En RDC, les mineurs de TFM appellent Kinshasa à la responsabilité

TFM
Ph. droits tiers

Communication

Alors que le conflit entre l'Etat congolais et le groupe chinois CMOC semble dans l'impasse, l'intersyndicale du site minier tenait, ce mardi, une conférence de presse afin de demander au gouvernement de lever les restrictions pesant sur les exportations de cobalt. Une question de vie ou de mort pour cet immense site industriel, qui fait vivre toute une région et contribue très largement aux finances publiques locales et nationales de RDC.

Du cobalt sera-t-il un jour à nouveau exporté depuis la mine de Tenke Fungurume Mining (TFM) ? Le site minier, localisé dans la province de Lualaba, à l'extrême sud de la République démocratique du Congo (RDC), est à l'arrêt depuis le milieu du mois de juillet 2022. Plus précisément, ce sont les exportations en provenance de la mine congolaise qui sont, de fait, interrompues depuis huit mois.
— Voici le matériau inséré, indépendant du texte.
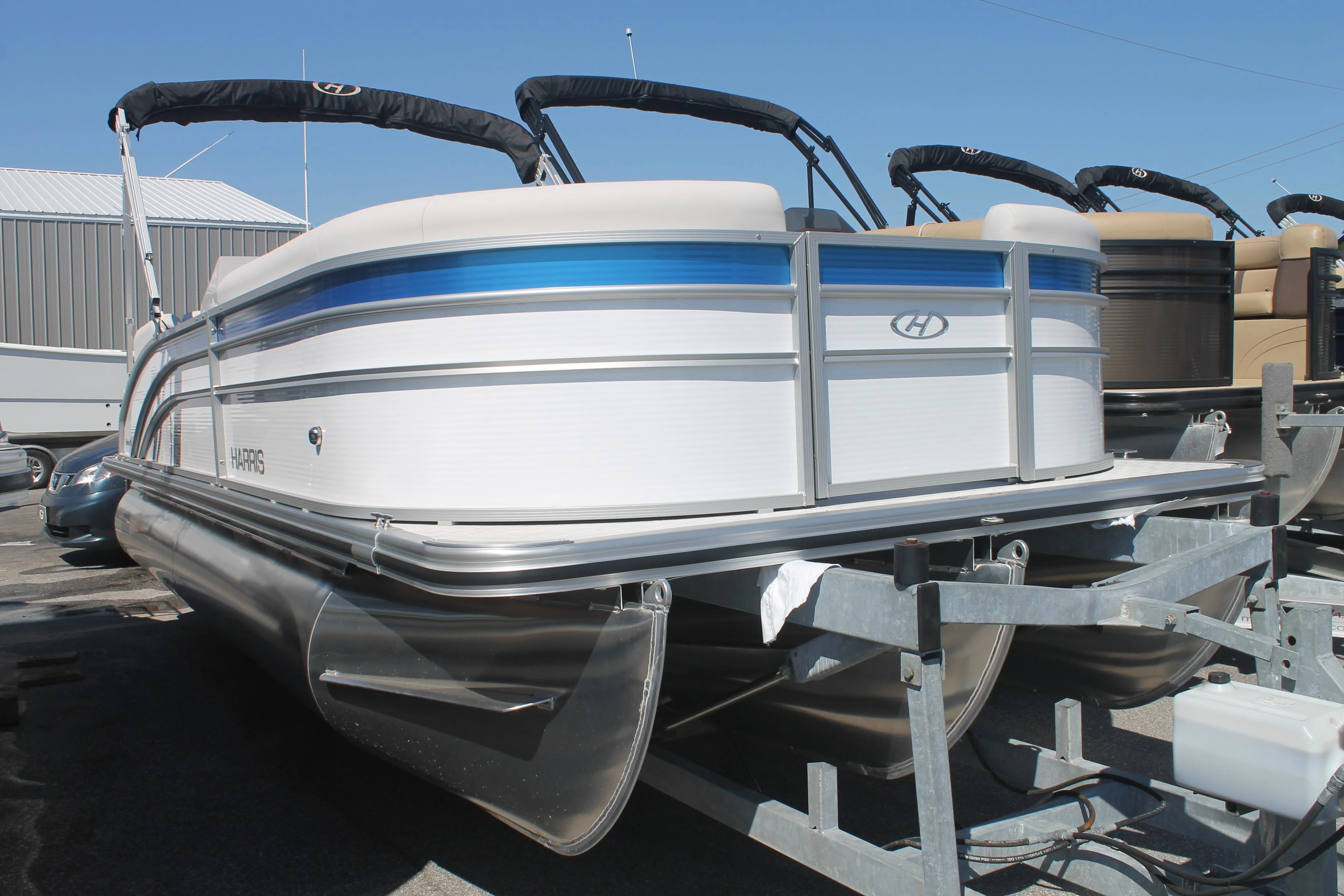 2023 Harris
                                                             Cruiser 230 Image Thumbnail #9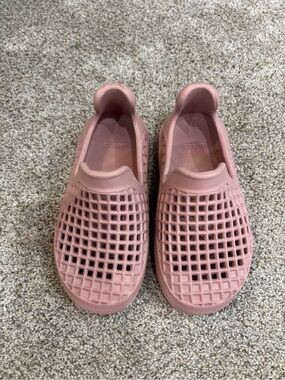 LUSSO CLOUD Scenario Kids Slip-On Waterproof Shoes Little Girl Size 1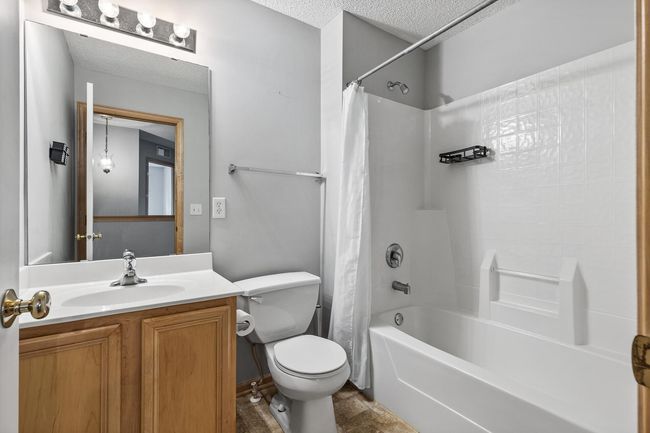 Upper level full hall bath | Image 15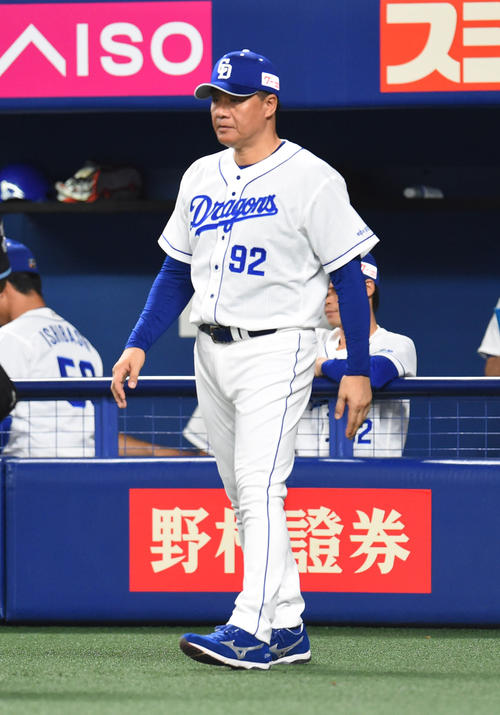 中日対DeNA　6回表2死二塁、投手交代を告げる与田剛監督（撮影・森本幸一）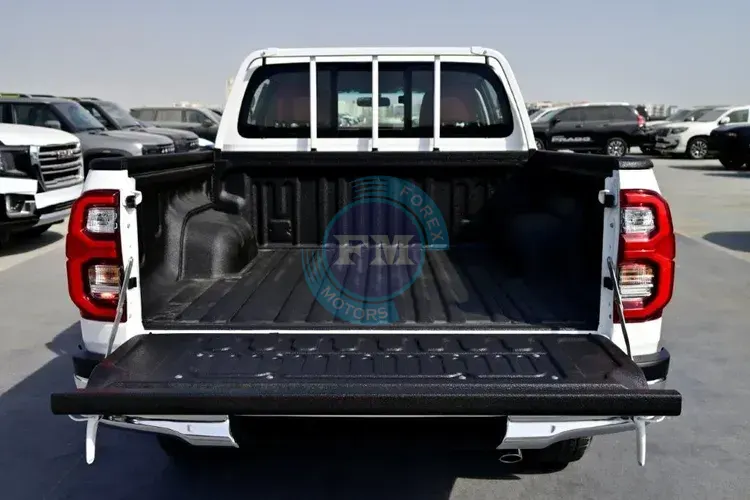 2025 MODEL TOYOTA HILUX DOUBLE CAB PICKUP SR5 2.7L 4WD MANUAL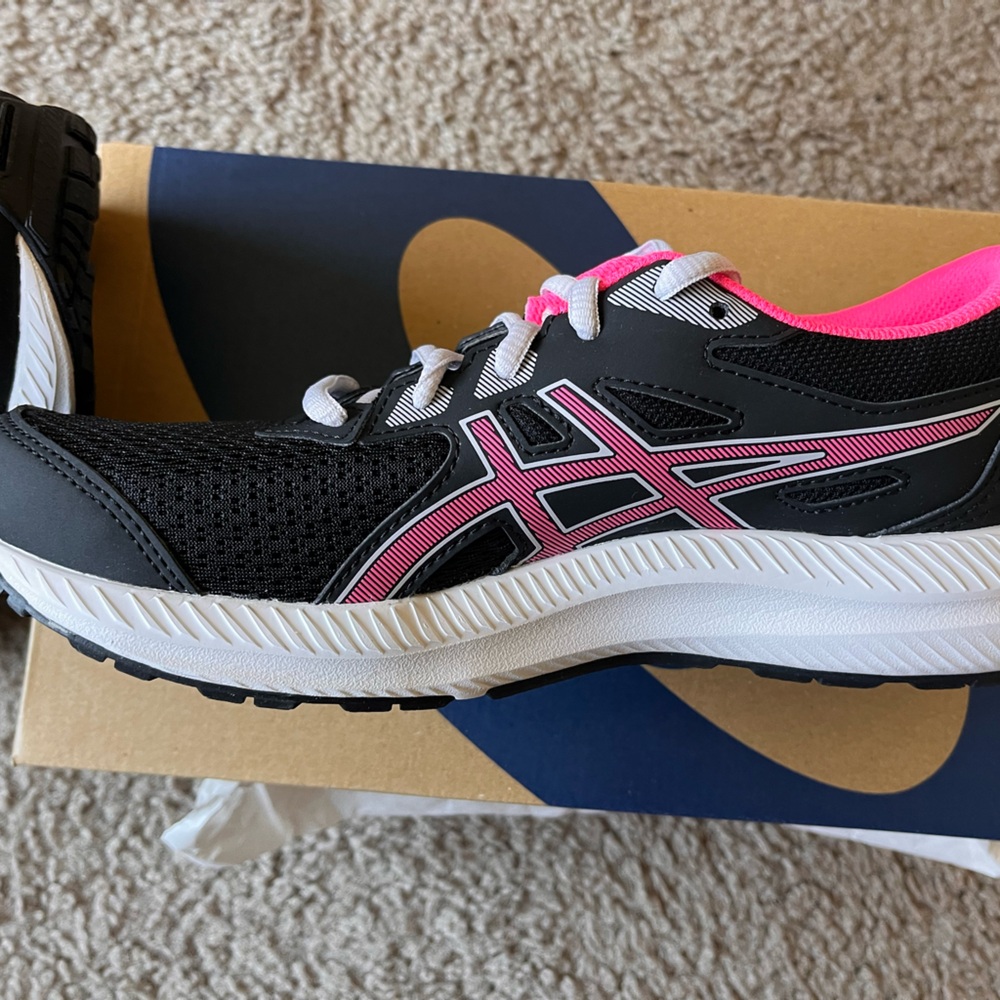 ASICS shoes - Picture 6 of 7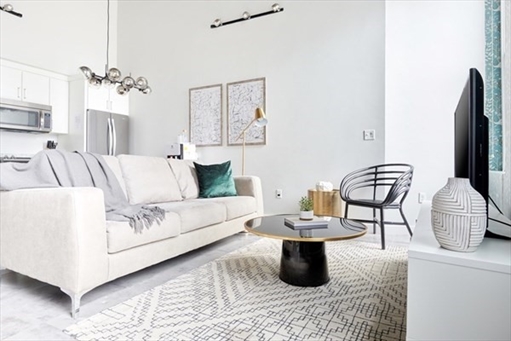 630 Washington, Apt 406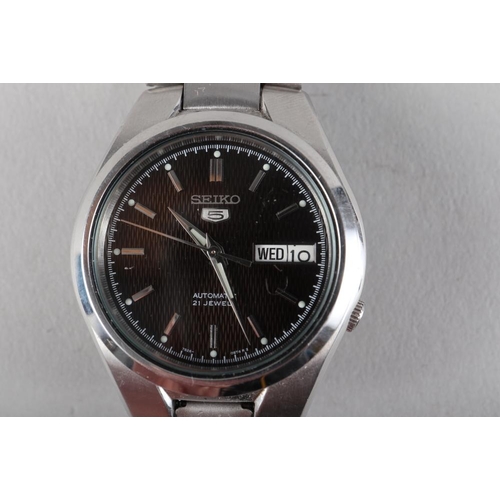 274 - A Seiko 5 Automatic twenty-one jewels gentleman's wristwatch with black carbon fibre effect dial, da... 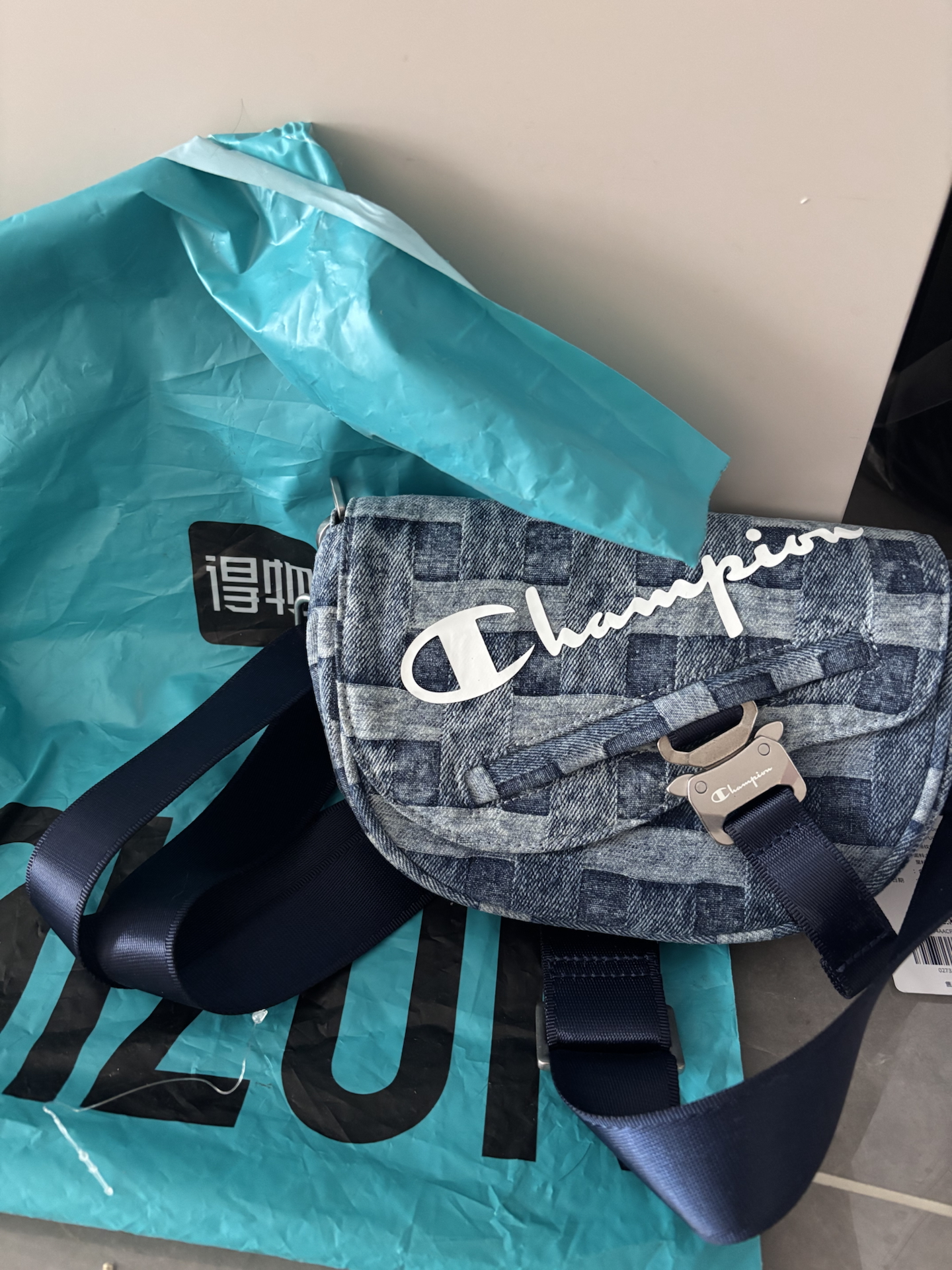 custom review-Champion Ткань Рюкзак Сумка через плечо Маленький Унисекс Многоцветный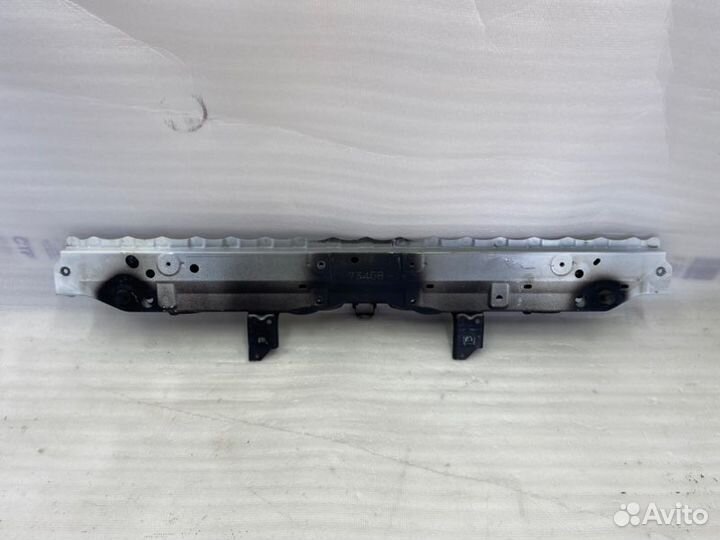 Верхняя планка телевизора Toyota Camry V70/V75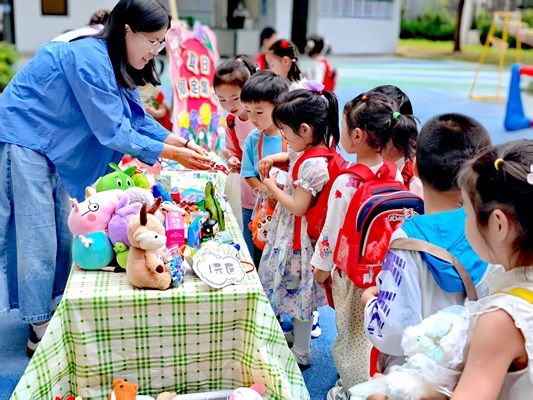 江陵街道淞山社区 爱在“义”起，心愿“童”行2.png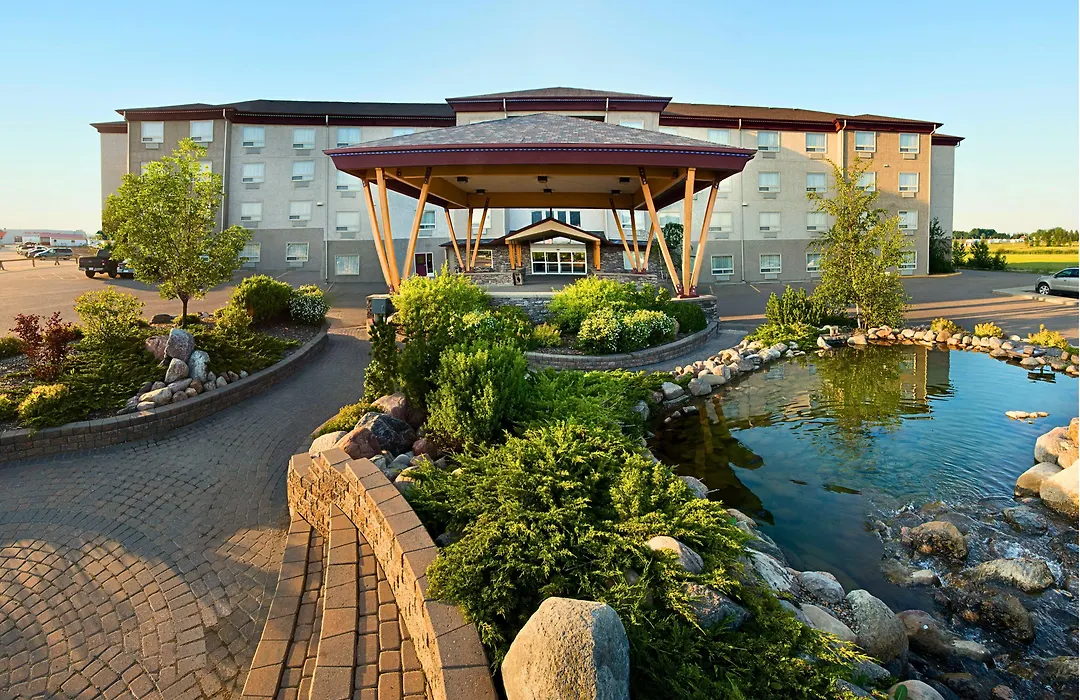 Gold Eagle Lodge-1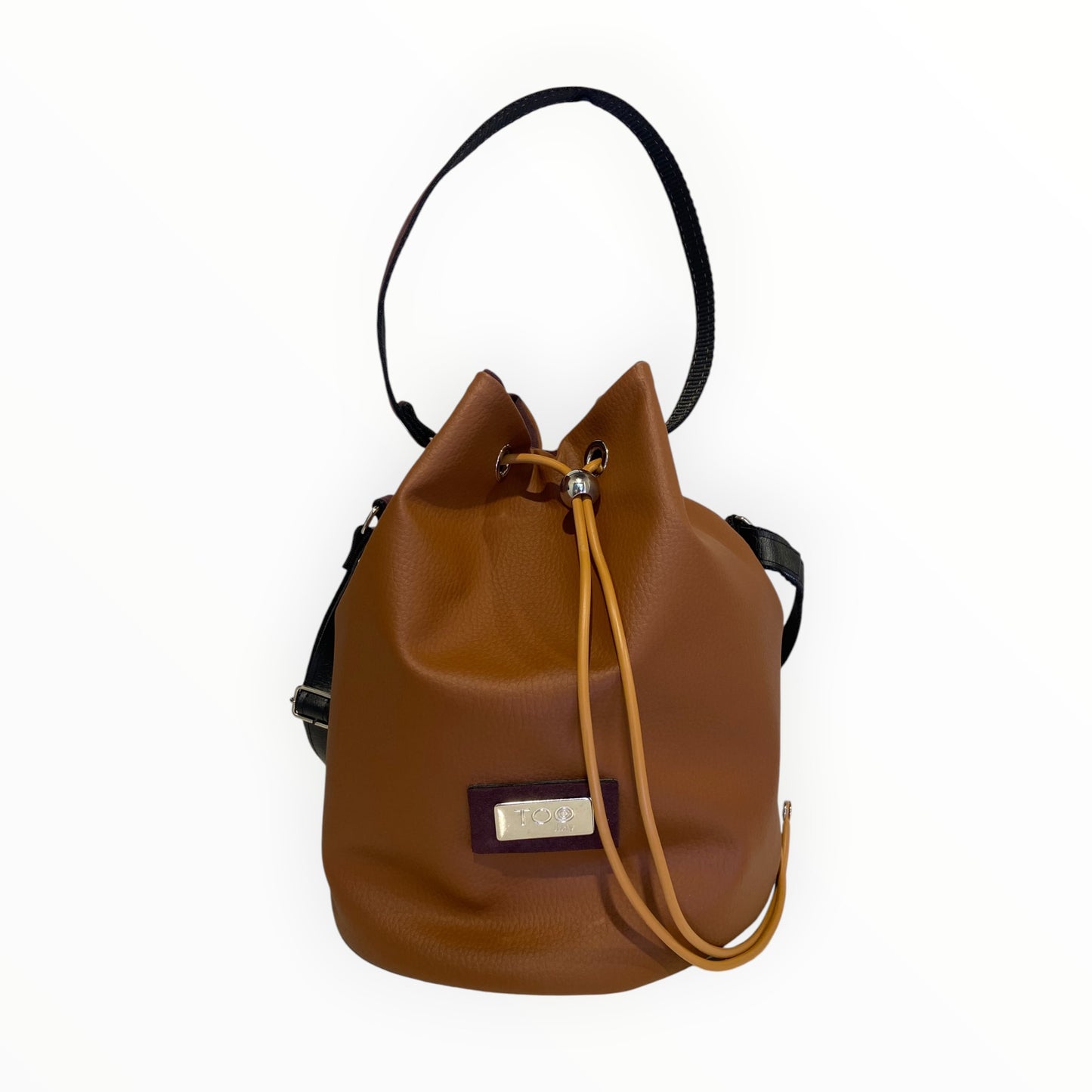  Borsa secchiello cuoio Tooitaly indossata a spalla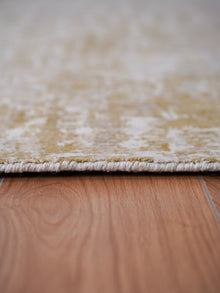 Transitional Vintage-Style Medallion Area Rug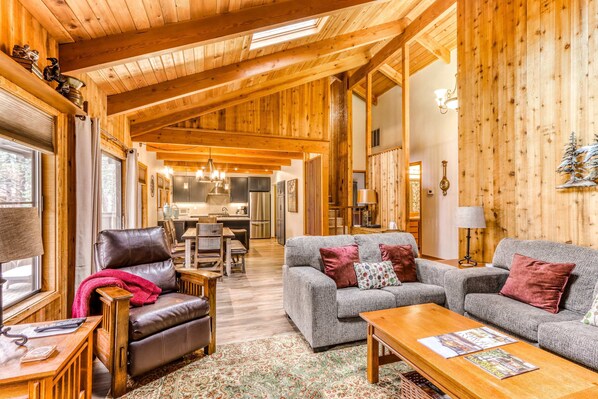 TV, fireplace, offices - Dog-Friendly Home with Private Hot Tub & Patio - SHARC Passes to Pools & Tennis (Sunriver)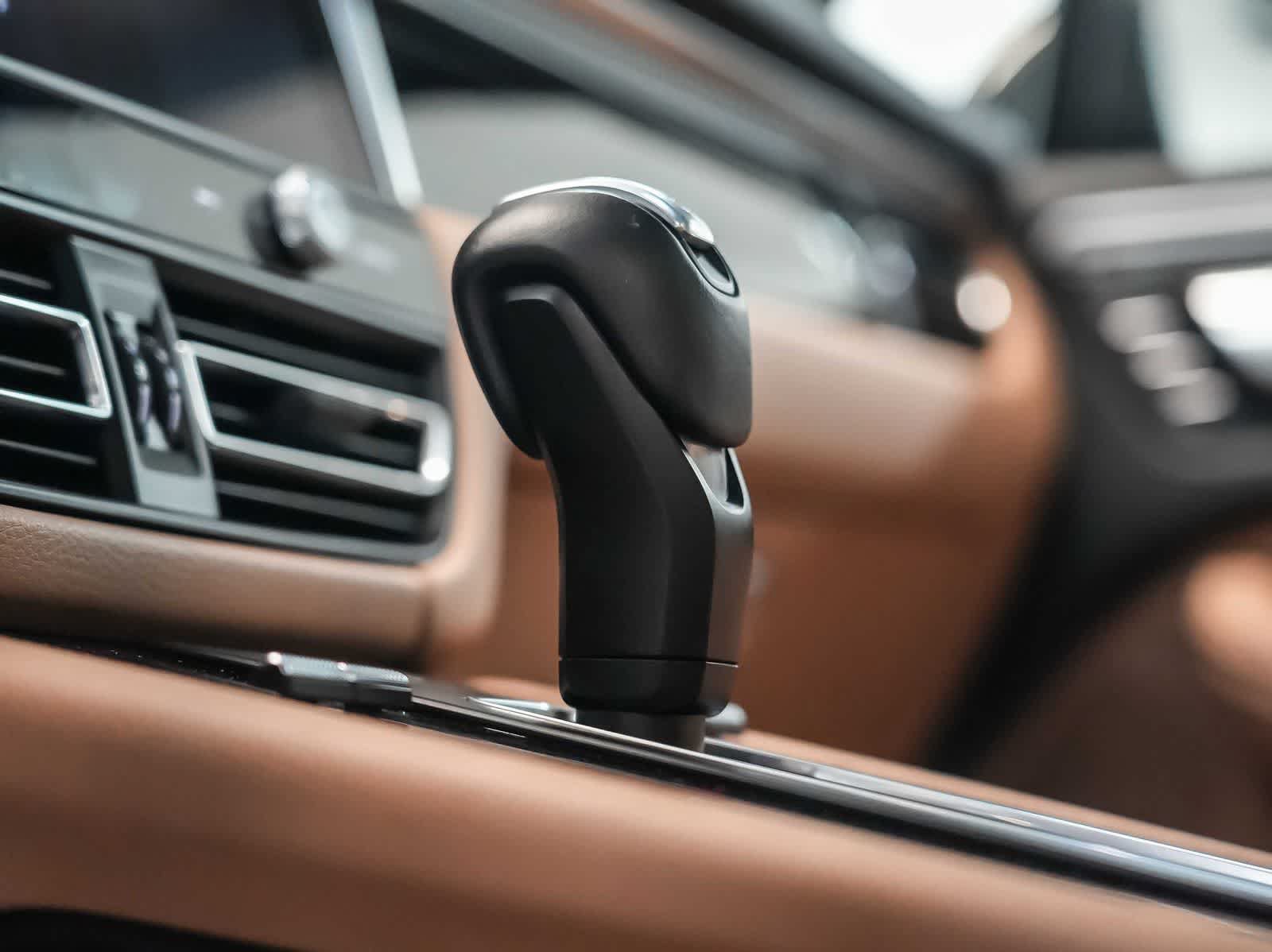 Certified 2023 Porsche Macan AWD/4WD image 22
Plusieurs dizaines de milliers de tonnes de cuivre et de cobalt, d'une valeur estimée à plus de 1,5 milliard de dollars, s'entassent donc sur le site depuis cette période. Alors que l'intersyndicale avait, mardi 7 mars, convoqué les médias pour une conférence de presse organisée sur place, retour sur un conflit qui dépasse, de loin, les seuls enjeux miniers et industriels des acteurs en lice.

Aux origines du conflit

La crise débute donc au cours de l'été dernier, lorsque les autorités congolaises qui, via la société publique Gécamines, détiennent 20% de TFM (les 80% restants appartenant au groupe chinois CMOC, qui exploite la mine), déclarent soupçonner l'industriel d'avoir sciemment sous-estimé les réserves de TFM afin de minorer les redevances dues à la Gécamines. Des accusations graves, immédiatement démenties par la société chinoise. Si CMOC affirme poursuivre normalement le cours de ses opérations sur le site de TFM, les exportations de minerais sont bel et bien stoppées net depuis la mi-juillet et nul ne semble savoir, à l'heure actuelle, quand elles pourront reprendre, ni même si elles reprendront un jour.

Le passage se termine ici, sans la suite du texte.